Re: Marrying
Marry him if you want, don't if you dont wanna. Woukd you rather be unhappy for the rest of your life provided you dont learn to like him or unhappy right now?
Re: Marrying
Marry him if you want, don't if you dont wanna. Woukd you rather be unhappy for the rest of your life provided you dont learn to like him or unhappy right now?
Re: Marrying
So you think you might not find anyone better right? I think that's what you're saying. I feel that way too at times but i'd rather be single and happy then in a life long relationship where there is not respect or caring no attraction.
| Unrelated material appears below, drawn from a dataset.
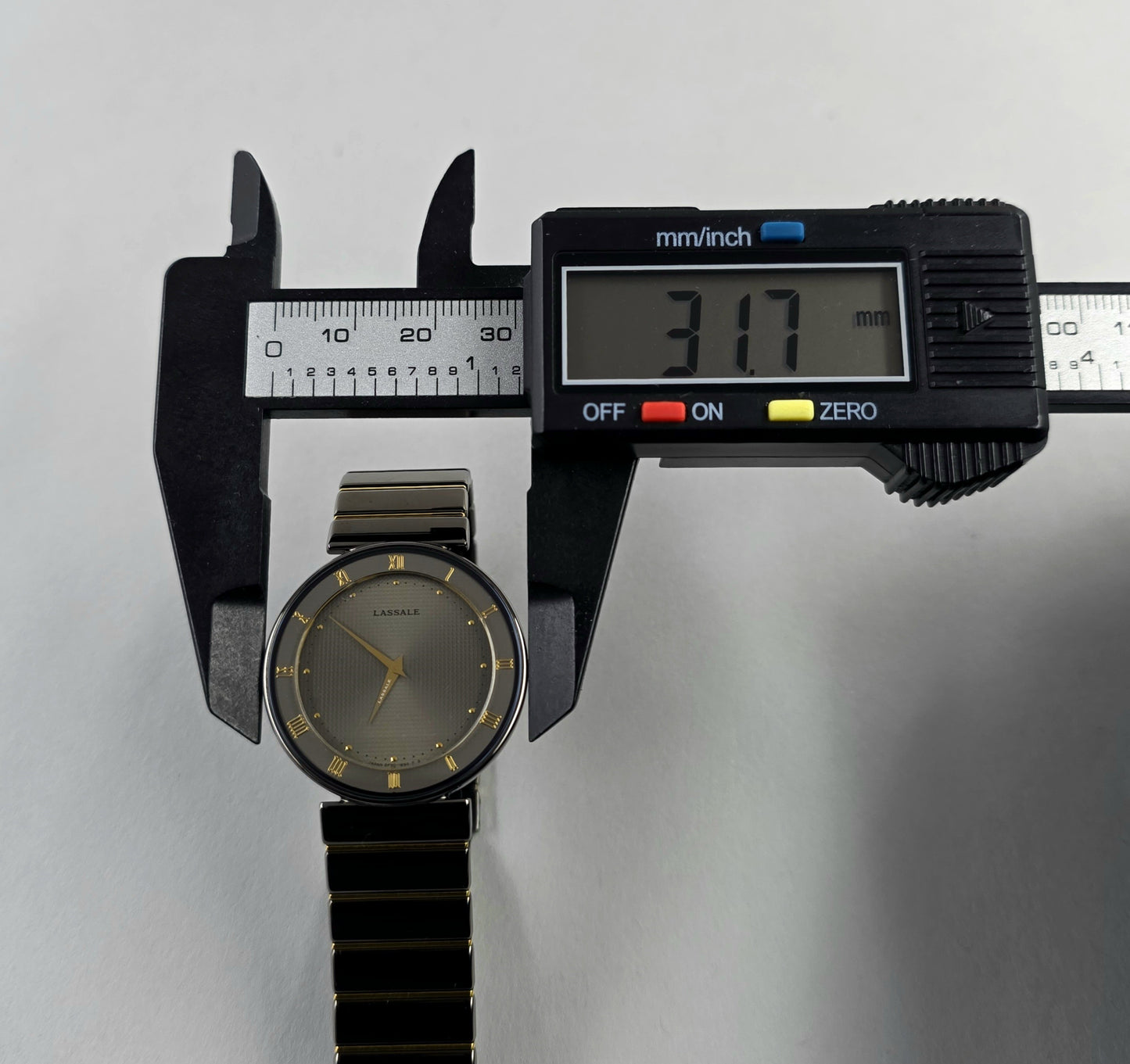 Seiko Lassale 2F50-0360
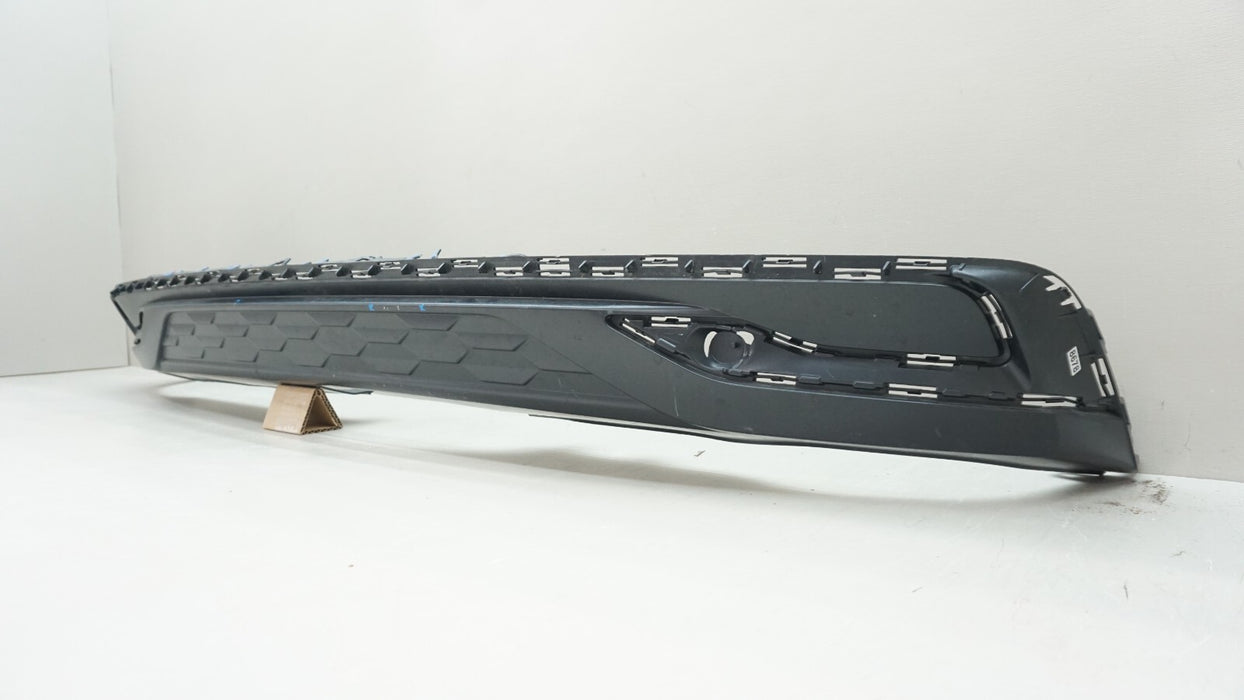 2024 AUDI A6 S LINE REAR LOWER BUMPER VALANCE PANEL OEM 4K0807521Q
Go into marriage seeing this guy as a life long partner. Do you two see that in each other when you spend time with him. If you don't really like or respect the dude now, imagine as his good looks and your good looks diminish and all you have is each other's company and personalities to go by. Do you feel anything when you gaze into his eyes or is it just blah and all the reasons you don't respect him that come up in your mind. Don't settle for something that's not working for you.
If you have opportunities, family gathering, Pakistani association events, go out there, believe in your standards, and try to find the person you want. Key phrase is "life long partner". It's better to be independent and happy than it is to be in a relationship with someone you have to settle for at the end of the day or a relationship where it's torture and like a cage. Imagine how he sees it if he ever found out that you're just settling for him even if you don't really like him much.
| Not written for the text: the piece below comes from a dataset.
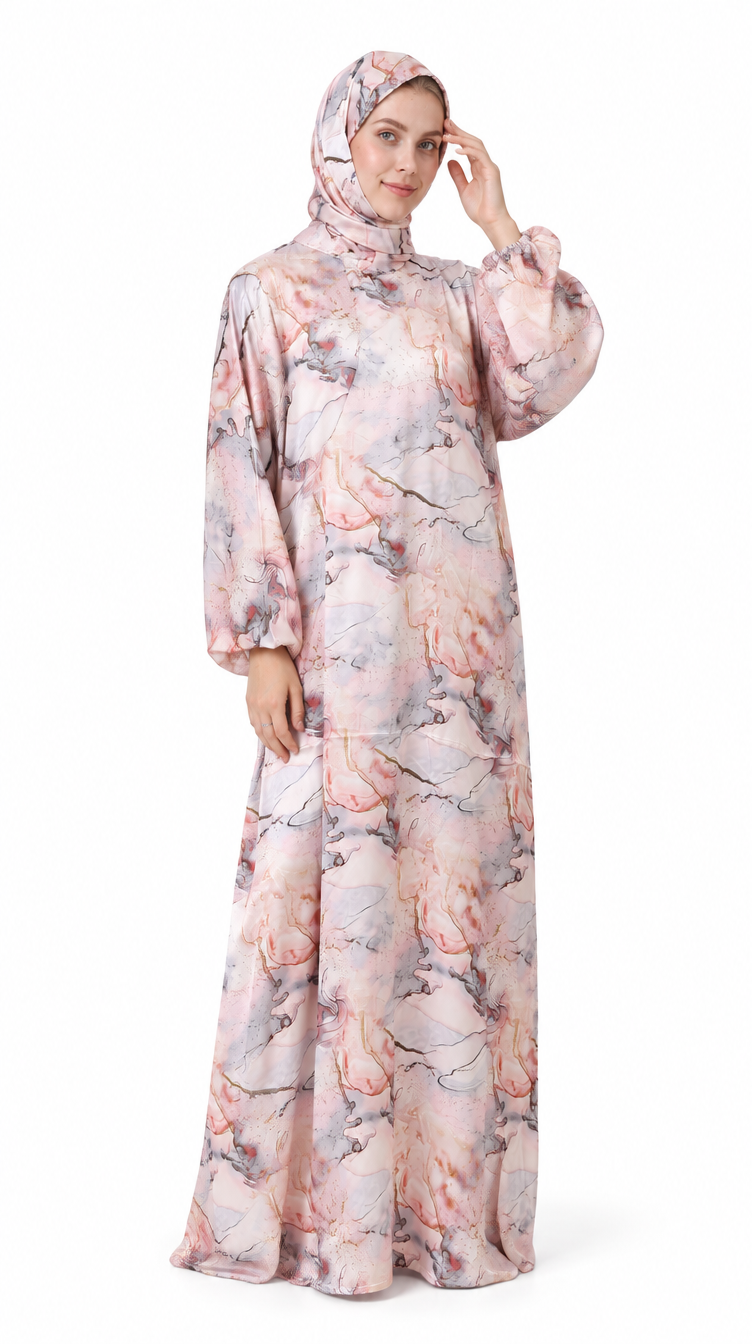 Blush Marble Esdal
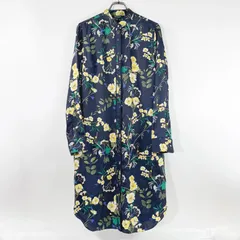 ローレン ラルフローレン LAUREN Ralph Laurent 花柄 ワンピース サイズ6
You need a solid foundation, respect, care, that spark and attraction for each other for the marriage to last a lifetime. Marriage is not something you rush into or get into as a result of pressure(societal or from you yourself).
Re: Marrying
I don't really understand how you can put so much on marriage making you happy.
A marriage can't do that for you if you yourself are not happy about your life and in which direction it's going.
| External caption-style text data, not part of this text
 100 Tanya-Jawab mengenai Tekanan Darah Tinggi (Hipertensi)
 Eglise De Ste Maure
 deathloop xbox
The guy, whoever you do decide to marry, is not responsible for your happiness, YOU ARE!
I don't understand how as women, so many of us depend on men to make us happy. Have you ever heard a man saying that?
I'm sorry but if you aren't happy with your life right now, re-evaluate it and find out what's causing you unhappiness?
You can't marry someone and rely on them to miraculously change your life and make you happy. That's never going to happen.
At the end of the day, it's your life, and being married to someone who you are not compatible with or who you don't respect, etc, etc. is just way too much life wasted. If it's going to be that miserable for you marrying this guy, then don't. You only live ONCE. People forget that and you shouldn't just waste it away feeling sad and depressed.
If you don't see a life or a future with him, don't see yourself having kids and a family life with him, then don't ruin his life either.
Re: Marrying
one of the same. no one is forcing me except my own life circumstances .
which are?
Yes but it is better to be married than not at all.
not at all.
I see so many girls in pakistan compromise all the time and they do it so happily. So why am I finding it so hard
who cares what other people do? They live with their choices, you live with yours. You're not better or worse than any of them and they're not better or worse than you.
No there will not be divorce here. It is in the family close relation. No one else will marry him and if they do they won't stay so he will never divorce me.
so why resignh yourself to a life sentence with this guy?
I'm not confused I'm just depressed. I don't know maybe I'm not being thankful.
Seems like you are depressed. NO you don't have to be "thankful" that you have "bad" proposals because other girls don't have proposals. It doesn't really work like that......first of all stop comparing yourself to other people. If other girls compromise, good for them,.....you're not in tehir shoes. At the end of the day YOU have to live with whatever you decide...
In a way you do seem unthankful, because you're forcing yourself into a life of misery with someone that makes you unhappy.
Why have such a low standard for your life?
Marriage isn't bollywood/hollywood, but it certainly shouldn't be done "just to get it out of the way" or "u have to do it anyway." You should want it, you shoul be happy and excited about a person when you marry them. Not....the way you're feeling right now.
Re: Marrying
And his mom is big b---- and a gossip queen. She's put me down so many times too. I hate her.
Re: Marrying
^
Such a nice way to describe your future MIL? Your parents brought you up well.
Re: Marrying
did you read her story? ![]()
Re: Marrying
No. Her ranting got in the way. Please summarise?
Re: Marrying
No. Her ranting got in the way. Please summarise?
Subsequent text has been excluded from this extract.